House debates

Wednesday, 28 March 2018

Questions without Notice

Economy

2:44 pm

Photo of Christopher PyneChristopher Pyne (Sturt, Liberal Party, Leader of the House) Share this | Hansard source

I thank the member for Berowra for his question. It's a very important question, because obviously a consistent approach to thinking about and implementing policy has a dramatic impact on what governments do in the lives of Australians, particularly in the economy. It's been that consistent approach to policy development in the Abbott and now Turnbull governments that has led to us being very close to achieving the million new jobs that we promised in 2013, when the government was first elected. We are only months away from hitting that figure and, in the last 12 months, it's been 420,000 Australians who have benefited from a consistent and methodical approach to policy. So we are getting the job done.

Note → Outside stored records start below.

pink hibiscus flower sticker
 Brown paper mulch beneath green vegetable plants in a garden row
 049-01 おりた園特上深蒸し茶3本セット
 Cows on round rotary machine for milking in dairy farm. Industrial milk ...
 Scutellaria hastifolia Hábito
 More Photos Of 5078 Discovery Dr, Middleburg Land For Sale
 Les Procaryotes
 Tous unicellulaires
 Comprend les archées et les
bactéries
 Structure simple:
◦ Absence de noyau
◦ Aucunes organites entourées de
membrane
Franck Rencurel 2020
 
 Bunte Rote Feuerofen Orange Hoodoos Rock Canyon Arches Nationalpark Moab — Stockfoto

I'm asked about consistent approaches to policy. What we see on the other side of the House is a completely shambolic approach to policymaking, and this week the Labor Party announced a guarantee for pensioners—a pensioners guarantee policy, a guarantee to save them from the Leader of the Opposition himself. That is the guarantee: to protect them from the Leader of the Opposition. But why would anybody believe that any policy held by the Leader of the Opposition would last very long in opposition, let alone in government? This man's career has been punctuated by consistent flip-flop approaches to policy and punctuated by completely doing a U-turn to suit his own expedient political ends. This year we've seen the debate about the Carmichael mine. He told Pauline Hanson, Senator Hanson, that he was the most pro-coal Leader of the Labor Party and the most pro-coal person in the Labor opposition, while he also told Geoff Cousins that he would block the Carmichael mine in North Queensland. He said in North Queensland to coal workers that he was pro the Adani mine, and in Melbourne he told the people of Batman that he was against the Adani mine. On the company tax cuts, he told the ACOSS conference in 2011 that company tax cuts grew the economy, increased wages and increased profits and jobs, and now we hear this Corbyn-esque claptrap from the Leader of the Opposition about what company tax cuts would do.

But he was pinged in Paul Kelly's book, because his greatest duplicity is saved for his internal Labor Party dynamics. I quote the Paul Kelly book:

The distrust between Rudd and Shorten was intense and enduring.

The Gillard camp was contemptuous of Shorten, considering him weak and duplicitous … Neither side trusted him and neither side revised its view.

That has been the hallmark of the Leader of the Opposition's approach to life, to politics and to the union. That's why he can't be trusted, and the Australian people know that and they don't trust him.